Our entire selection is carefully curated. We break it down into categories such as Funny Ha Ha, Life on Planet Earth, Early Readers, Superheroes, True Stories, Adventure & Mystery, Fantasy and Gamer Comics. To serve customers beyond New York, we have a virtual version on Bookshop.org, an alternative to Amazon that supports independent bookstores across the country. 

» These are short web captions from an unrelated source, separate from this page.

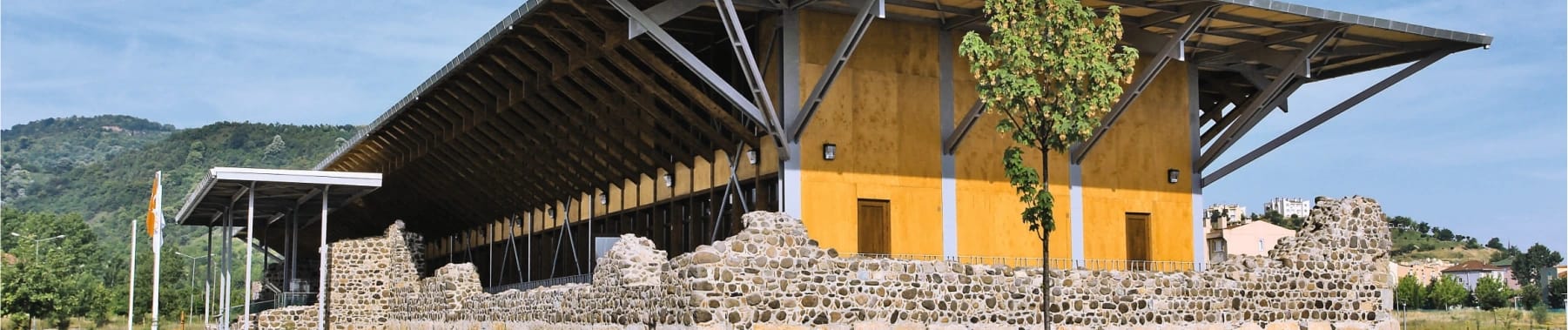 Gölcük Kervansaray Sahnesi görseli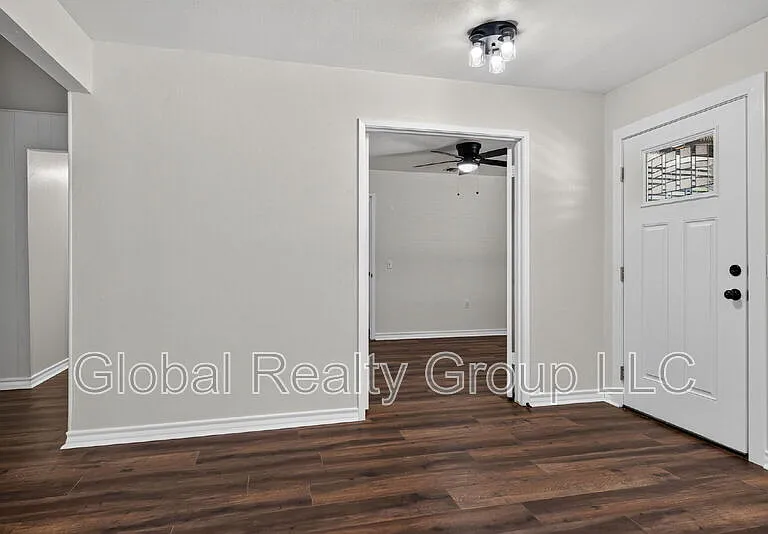 12306 Independence Ave — Photo 5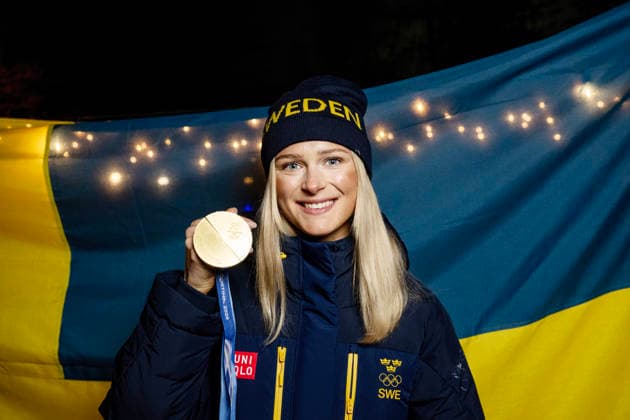 VAL DI FIEMME, ITALY 20260207 Sweden s Frida Karlsson with her gold medal from the women s skiathlon 10+10 km during the Winter Olympics in Val di Femme in Italy. VAL DI FIEMME ITALY x10430x *** VAL DI FIEMME, ITALY 20260207 Sweden s Frida Karlsson with her gold medal from the women s skiathlon 10 10 km during the Winter Olympics in Val di Femme in Italy VAL DI FIEMME ITALY x10430x  Copyright: xChristinexOlsson TTx 2026 OLYMPICS SKIATHLON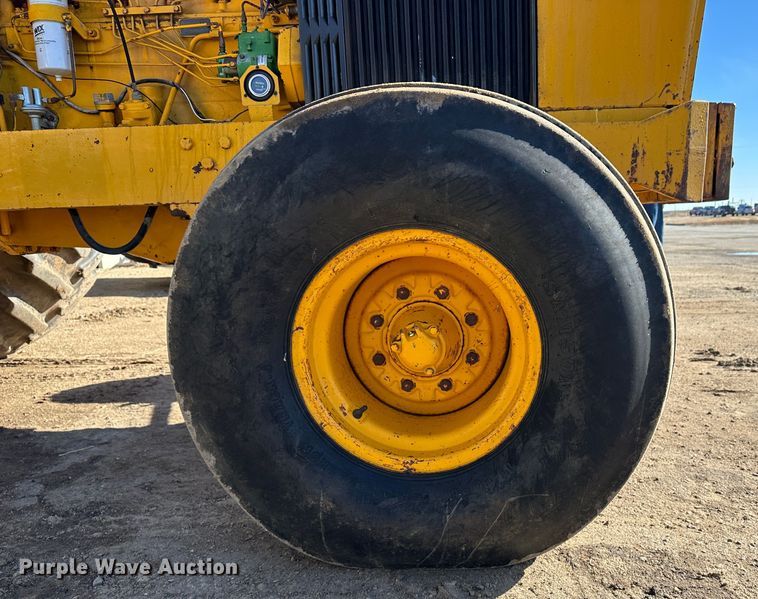 image for item LT9339 John Deere 700A  tractor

Since we love making both lists and recommendations, we’ve put together some picks for your favorite young readers in grades K through 5:

Kindergarten

Pizza My Heart
By Mika Song

The newest book in Mika Song’s Norma and Belly series is a total delight. Virtually every panel of her playful watercolor and ink drawings will bring a smile to your face, and the writing is perfect for early readers.

First

Barb the Last Berzerker
By Dan & Jason

A spirited and comedic sword-and-sandal adventure featuring a precocious girl named Barb and a yeti named porkchop. Like action? Like fantasy? Like laughing? You’ll love Barb. Created by the fertile minds of Dan & Jason (Blue, Barry and Pancakes).

Second

Frankie’s World
By Aoife Dooley

This kinda-sorta-but-not-really autobio comic by Irish comedian Aoife Dooley, who has autism, is wildly entertaining and incredibly illuminating about what it’s like to be a kid who doesn’t know they’re on the spectrum. It’s a fresh and welcome take on the “graphic novel about a kid who doesn’t fit in” genre, that is both sincere and funny as all get-out.

Third

Red Scare
By Liam Walsh

If we told you this is an incredible sci-fi adventure set against the backdrop of 1950s America and the polio epidemic, you might think that sounds a bit too … heady. So instead, we’ll describe it as Tintin meets The Iron Giant. New Yorker cartoonist Liam Walsh brings his A game to this book, using lively visual storytelling to breathe life into a compelling cast of characters. 

Fourth

Stig & Tilde: Vanishers Island
By Max De Radegues

The first graphic novel for young readers from Belgian cartoonist Max De Radegués is a perilous adventure full of mystery and youthful derring-do. Twin siblings Stig & Tilde are set to participate in a local tradition whereby 14-year-olds have to survive on an island together for a full year — but an accident leaves them stranded on the wrong island. A page-turning survival story ensues. 

Fifth

Battling Boy
By Paul Pope

Perhaps one of the best graphic novels ever made for young readers is this 2013 hidden gem by acclaimed artist Paul Pope. If you like a good boy-versus-monsters tale and are ready to have your eyeballs explode, try this.